Miss Bertha had evoked a similar time, and so had Enid. Normalyn listened attentively.
“Monroe always needed strong women to protect her, but she turned to neurotic ones—Natasha, Paula, Holland!” Mildred denounced them merely in pronouncing their names. She stopped abruptly. “Those were older women.” Her voice lowered. “But there was another woman, her age, someone more important than all the rest, a woman who lived in Monroe’s shadow, or perhaps Monroe lived in hers. Perhaps they shared that, a shadow. Alike opposites,” she whispered.
Alike opposites! That’s how Normalyn suddenly remembered the two women on the shoreline.
“The woman was always there, during all the crises, clicking a silver cigarette lighter, conveying to Monroe a secret message understood only by them, as if—” It seemed still to baffle her, after years and deaths. “—as if Monroe must never forget something, something essential. . . . You name that woman, my dear,” Mildred’s command was abrupt.
Testing her! To make sure she knew, ascertaining she was who she said she was! Yes, yes, Miss Bertha had rehearsed her for this. You must tell her the name, Miss Bertha instructed.
“Her name was Enid, Enid Morgan,” Normalyn said. And so for her, in this moment, Enid was born into a real past, into the life of Marilyn Monroe. Normalyn sighed, greeting this new life of the woman she had known intimately and then not at all. To maintain her own reality of her, Normalyn said, “She was my mother; she died a few weeks ago in Texas. And she was beautiful, too—”

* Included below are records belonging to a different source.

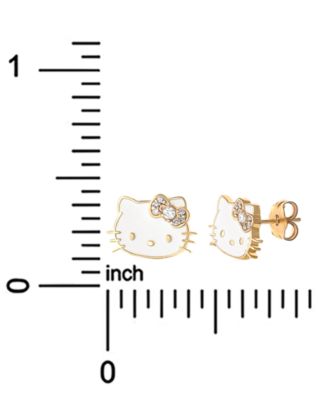 Hello Kitty Diamond & Enamel Stud Earrings (1/20 ct. t.w.) in 10k Gold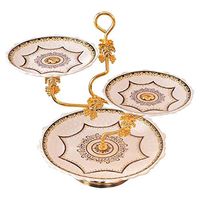 AXZHYX Bowl Fruit Plate, Creative Ceramic Three-Layer Fruit Plate European Three-Layer Cake Frame Dried Fruit Plate Home Decoration Hotel Tableware Home Noodles Boiled Fish Soup Bowl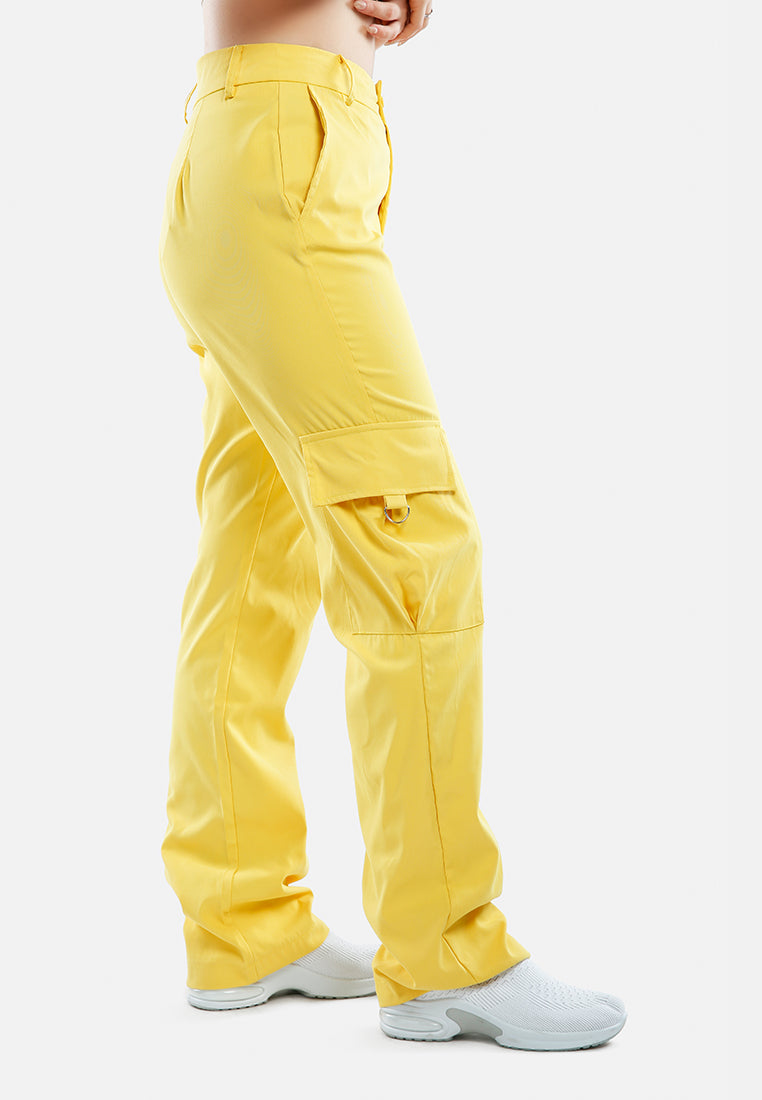 high waist cargo pants by ruw#color_mango-yellow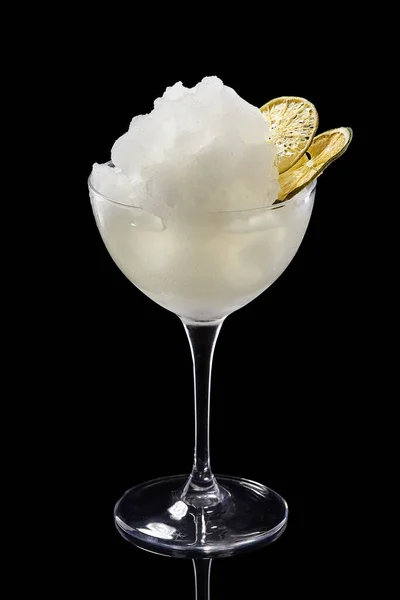 Cold Refreshing Lime Frozen Margarita Ready to Drink.Black background.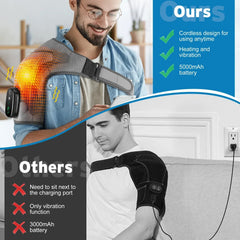 Heated Massage Shoulder Pad with 3 Temperature Settings, Vibration Modes, and Digital Controller - Black/Grey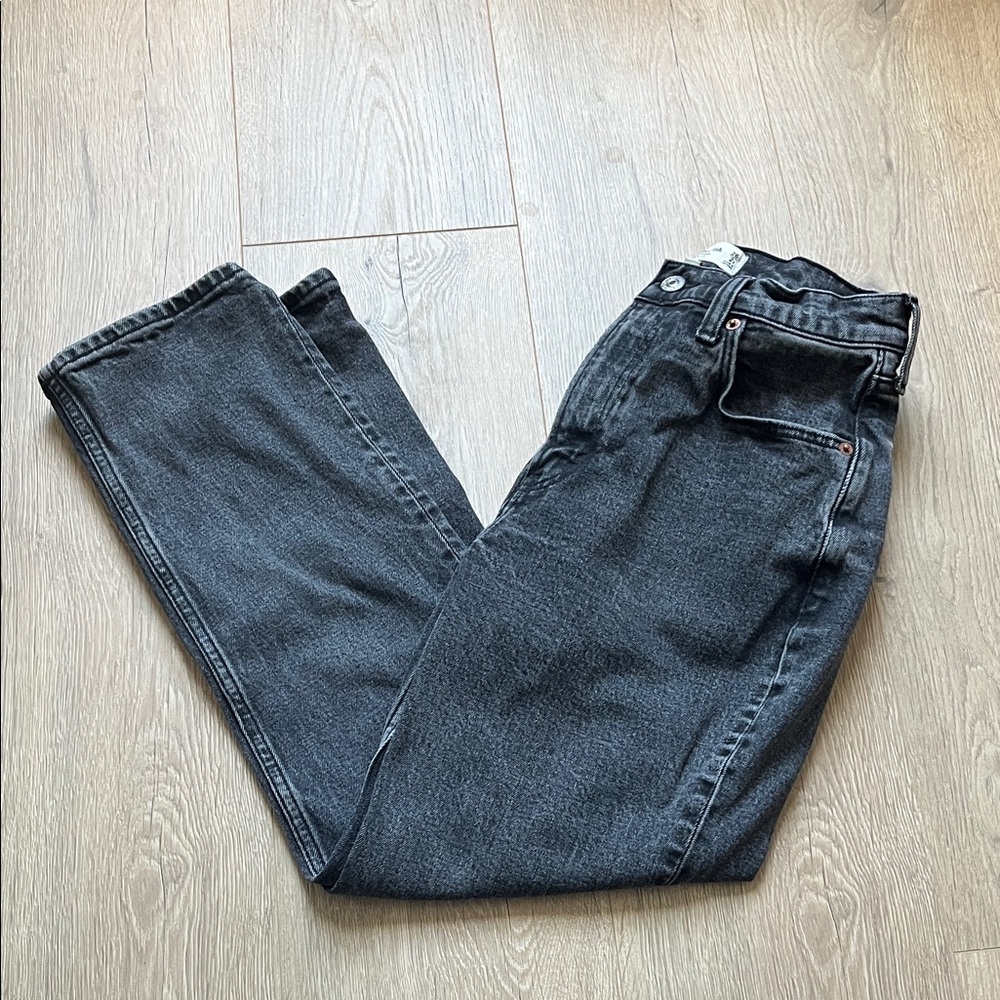 Abercrombie & Fitch Black Distressed Straight Jeans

Mildred cautioned, “Tears will disturb your subtle makeup.”
“I’m not crying,” Normalyn denied. She would let the tears dry on her cheeks.

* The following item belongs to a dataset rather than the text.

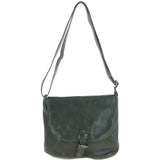 Tablet Friendly Medium Vintage Leather Bag Green: D-91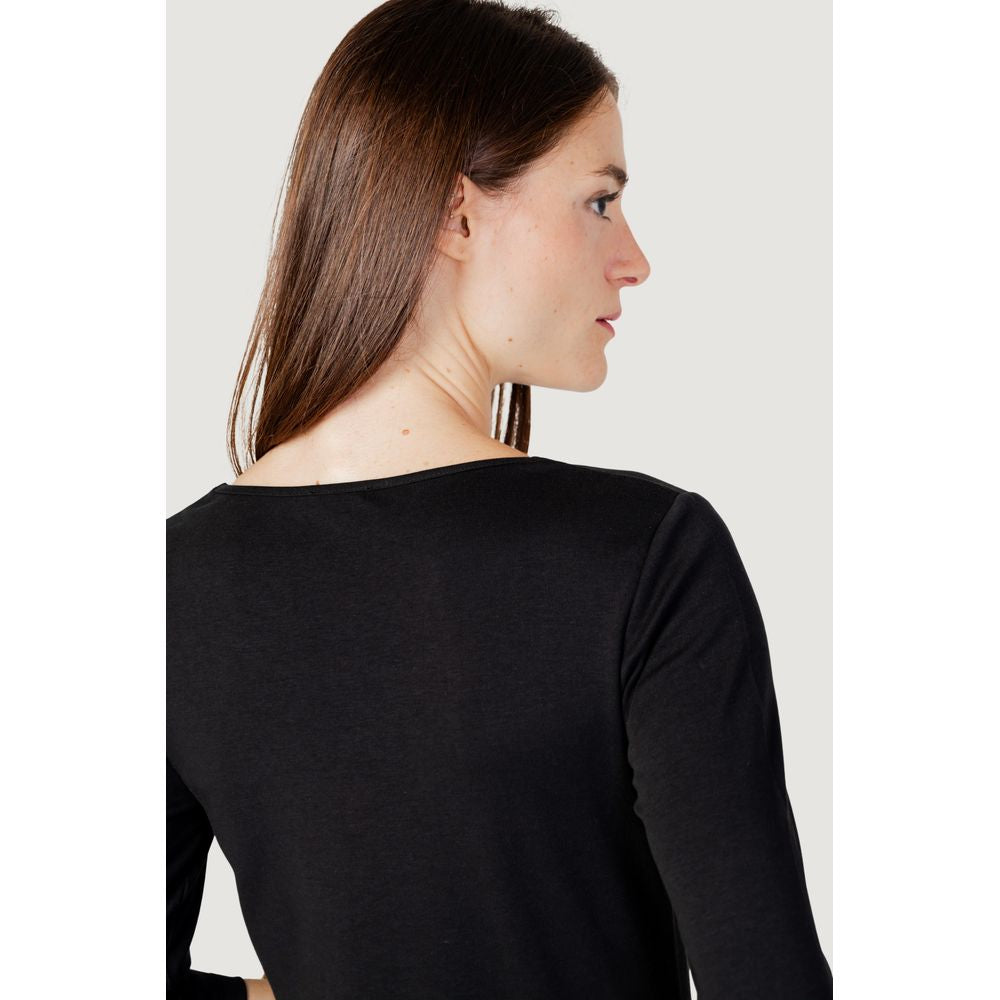 Maglietta a maniche lunghe in cotone nero Street One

“Oh, yes, Enid was quite beautiful.” Mildred cherished her own memory. “You know she was my ally.”
“That’s a lie,” Normalyn prot
ested. Enid would not join with this evil woman. The violent slashes punctuating her name in the newspaper column affirmed that.
Mildred sipped the soothing sherry, allowing the matter in abeyance. “And so Enid killed herself.”

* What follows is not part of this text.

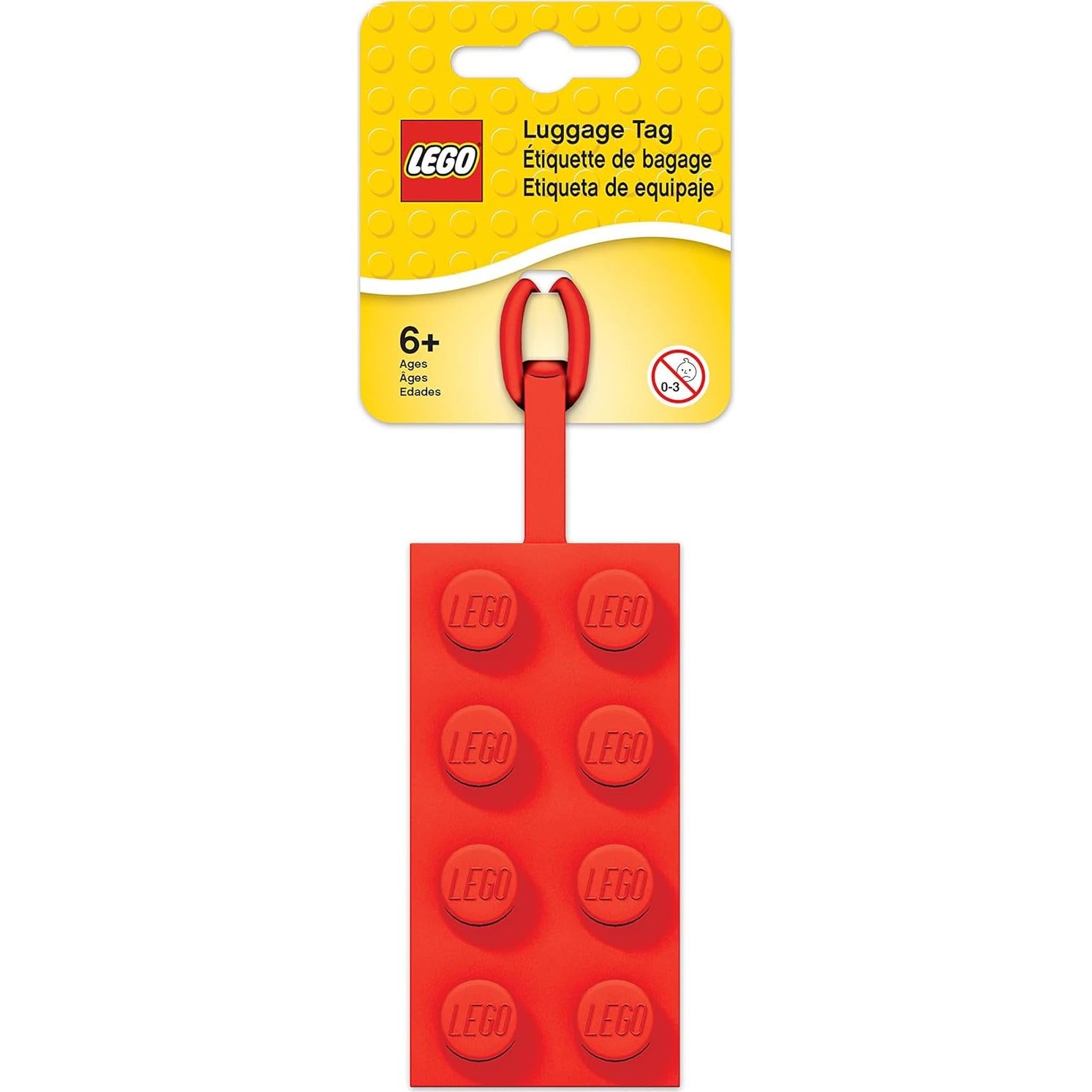 Etiqueta de Equipaje LEGO IQ 2x4 Roja con Área Escribible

Normalyn did not react in surprise—David would have told her that. What did surprise her was that there had seemed to be a note of sadness in the woman’s voice! Faked, she dismissed.
Mildred Meadows shook her head slightly, as much as her entrenched composure would permit. “In a locked room and with pills. Like Monroe,” she concluded. “And she left you . . . what, my dear?”
They were approaching the subject of the letter, but she must not donate information.
Pretend you misunderstood, Miss Bertha counseled.
“She left me enough to get by on, for a time,” Normalyn spoke the Mayor’s words to her.
Mildred’s lips tilted. “I see.” She adjusted the lacy collar higher about her neck. She studied the single pearl on her finger. “Monroe! Her innocent smile bled with sensuality.” Then she said with undisguised pride: “It was I, you know, who exposed her lies.” Her words shot forth in triumph: “I revealed the nude pictures! I discovered her mother was in an institution, not dead!” She calmed her words by sniffing at the goblet.
“But she wouldn’t let you destroy her.” Normalyn remembered Miss Bertha’s account of the movie star’s victorious survivals.
“Ah, but then I learned of the existence of the letter!” Mildred sighed deliriously.
Normalyn folded her hands over her purse, the letter.
Don’t be frightened of her, dearheart!
“That’s when I had to enlist David.” Mildred congratulated herself on cunning. “It was a challenge, yes—because he didn’t believe the first letter. It was the second one that convinced him.”
How could they have discovered the existence of the letter Enid had written to her, perhaps only minutes before her death, and left for her in the bedroom in Gibson? . . .
Miss Bertha clarified—
No, even she was silent now, as confused as Normalyn. Mildred’s powerful words had staked a territory that could not be avoided.